Ее можно сформулировать как подмену подлинных движений духа низкими страстями путем прикрытия последних высоким слогом (вам не скучно?).
 «Густая пошлость…исходит не из ложного преувеличения достоинства того или иного полезного предмета, а из предположения, что наивысшее счастье может быть куплено, и что такая покупка облагораживает покупателя» (В.Набоков, там же).
 Самое прискорбное, что пошляку невозможно объяснить фальшь пошлости (а цитируемое произведение Веллера адресовано, в первую очередь, ему), как нельзя донести фальшь мелодии до человека, лишенного музыкального слуха.
(3) Рассказы Веллера – это пафос победы вульгарности над правдой чувств, которые сводятся у этого автора к элементарному удовлетворению низменных инстинктов. Быть может, для него это компенсация собственных комплексов, распространяемая и на его аудиторию, которая (а это доказано психологами) отождествляет себя с автором, проецирует свое «я» на героев его произведений. Если я неудачник по жизни, то мне легче всего убедить себя, что те возможности, мимо которых прошел, не стоят, на самом деле, выеденного яйца, ибо мои инстинкты (которые легко удовлетворить) всегда со мной. А, значит, все впереди, ничего не потеряно. Достаточно получить оружие (еще одна излюбленная веллеровская – или веллерская? – тема), или совершить соитие в нужном месте и в нужный час, чтобы добиться любых целей в жизни. Такое сознание, несомненно, ценно для неполноценных. И в этом причина успеха автора. Веллеру и читающим его не нужен Пушкин (не случайно ведь он публично выступает за изъятие Пушкина из школьной программы). Зачем? Если нет ни поэзии чувств, ни сердечного умиления (слова, отсутствующие в его лексиконе)? Достаточно иметь пистолет. И то, что в штанах. Как просто! Наши предки были просто дураки, наполняя любовь каким-то сложным содержанием, любовь (оказывается!) – это то, о чем поведано в рассказе «Марина», в котором описываемая шлюха, так и называется: «храбрый солдатик любви и удачи». Ну, и ладно. Кому достаточно в жизни такой «любви», пусть читают «Марину», а кому этого мало, пусть читают «Евгения Онегина». И никакого противоречия.
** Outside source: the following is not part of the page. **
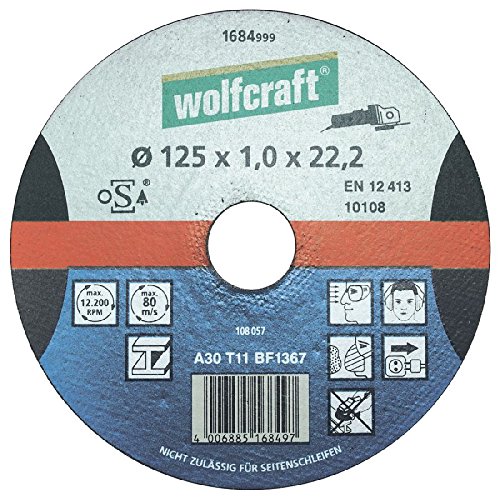 wolfcraft Trennscheibe für Metall Ø 125 mm I 1684999 I extra dünn I für hohe Schnittgeschwindigkeit und gratarme Schnitte mit dem Winkelschleifer wolfcraft Trennscheibe für Metall Ø 125 mm I 1684999 I extra dünn I für hohe Schnittgeschwindigkeit und gratarme Schnitte mit dem Winkelschleifer von wolfcraft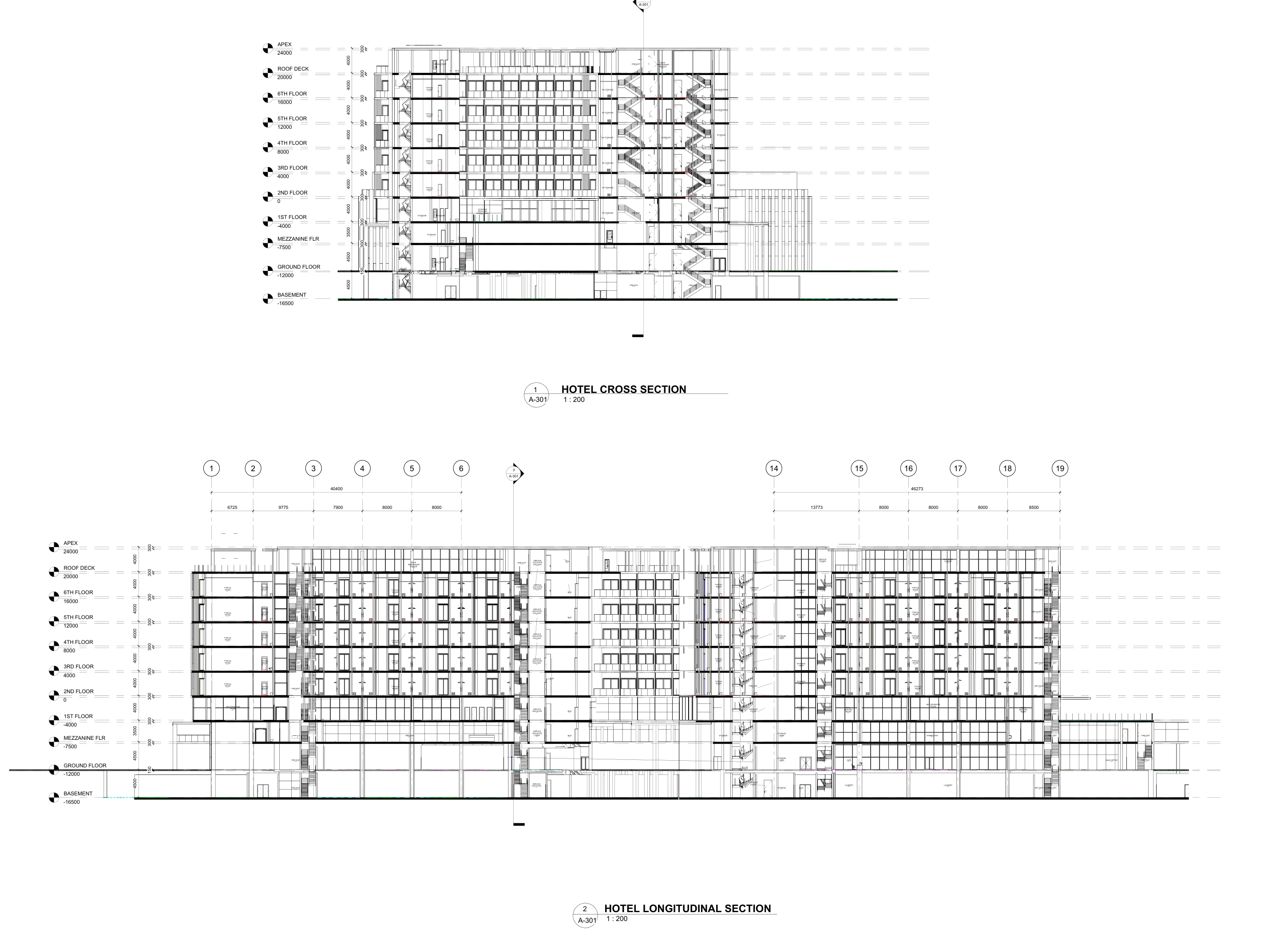 A-13 — Building Sections. Enlarge for the full original sheet.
(4) «Но пошляк даже такого гигантского калибра, как Чичиков, непременно имеет какой-то изъян, дыру, через которую виден червяк, мизерный ссохшийся дурачок, который лежит, скорчившись, в глубине пропитанного пошлостью вакуума» (В.Набоков, «Николай Гоголь»).
То же можно сказать и про Веллера. Давно известна цена рассказов про симпатичных бомжей и обаятельных проституток. Тема эта в литературе также не нова, как и идея вечного двигателя, и также бесплодна. Попытки вновь и вновь вдохнуть в нее жизнь, начиная с Купринской «Ямы», и, кончая Рязановскими «Небесами обетованными», свидетельствует лишь о невежестве честолюбивых авторов.
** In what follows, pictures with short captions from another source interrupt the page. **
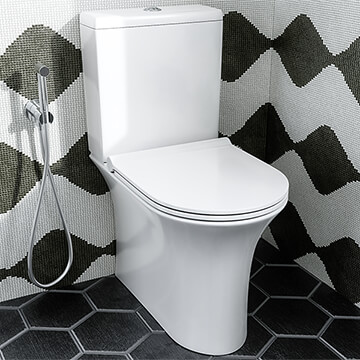 Joseph Miles Deia Rimless Close Coupled WC Pan with Cistern and Soft Close Seat - Closed Back - Image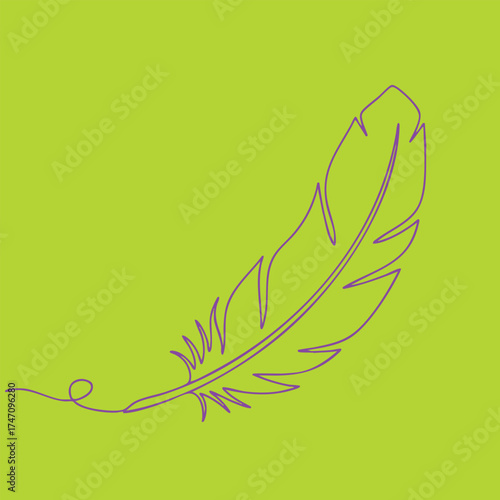 Elegant single-line drawing of a feather on a vibrant green emphasizing simplicity and artistic style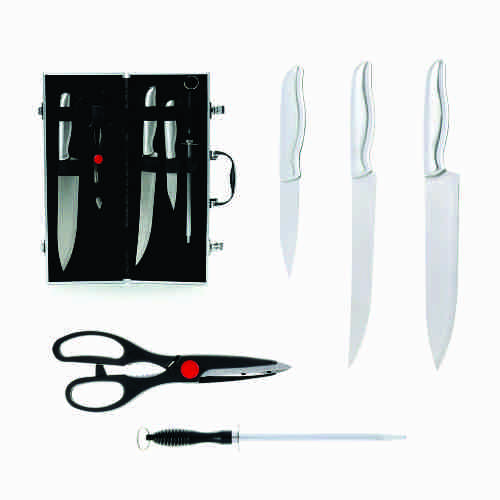 Kit churrasco 5 peças em maleta de alumínio com travas de segurança. 13,5 x 6 x 36,5 cm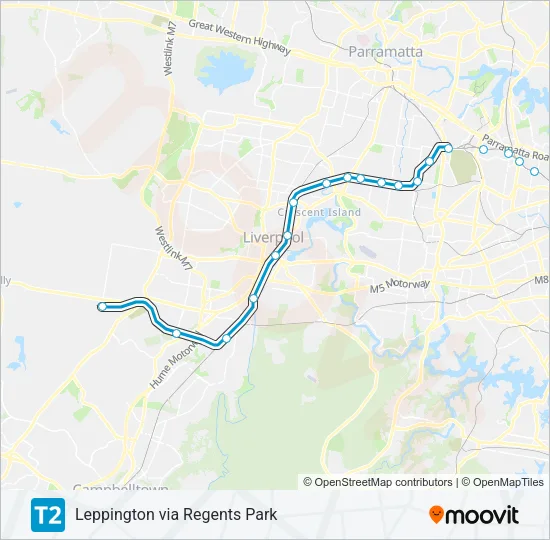 T2 Train Line Map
(5) Итак, Веллер, как выяснилось выше, не писатель, в лучшем случае, он способный ученик, выросший из прозы Довлатова (в пользу того, что это именного так, а не наоборот, говорит более ранняя датировка произведений последнего). Но Веллер, как выяснилось нами еще раньше, и не мыслитель. Может, из него мог бы получиться неплохой журналист? Но он ведь, в отличие от Довлатова, никогда журналистом не был – его амбиции простираются выше. (В связи с этим у Довлатова есть очаровательный эпизод, немыслимый у Веллера:
«– Говорят, ты стал писателем?
Я растерялся. Я не был готов к такой постановке вопроса. Уж лучше бы она спросила: «Ты гений?». Я бы ответил спокойно и положительно. Все мои друзья изнывали под бременем гениальности. Все они называли себя гениями. А вот назвать себя писателем оказалось труднее».
У Веллера на этот счет нет никаких сомнений.
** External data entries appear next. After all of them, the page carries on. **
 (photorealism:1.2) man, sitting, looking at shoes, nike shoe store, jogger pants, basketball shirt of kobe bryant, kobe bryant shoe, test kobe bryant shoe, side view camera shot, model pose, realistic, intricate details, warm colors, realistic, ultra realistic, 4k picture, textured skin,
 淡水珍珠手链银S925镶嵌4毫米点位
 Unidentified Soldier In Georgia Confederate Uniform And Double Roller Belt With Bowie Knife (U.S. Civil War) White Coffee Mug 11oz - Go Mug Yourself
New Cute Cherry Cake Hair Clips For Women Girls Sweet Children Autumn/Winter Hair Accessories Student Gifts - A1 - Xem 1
Так кто же он такой? Лучшей его характеристикой, наверное, будут слова почтмейстера о Хлестакове: « Ни то, ни се. Черт знает что!». Претендуя быть и писателем, и публицистом, и мыслителем в одном лице, при ближайшем рассмотрении он не оказывается ни первым, ни вторым, ни третьим. Вся загвоздка в том, что, просто, некому из более-менее стоящих критиков (а осталась ли ныне такая профессия?) всерьез заняться «литературой» подобного рода.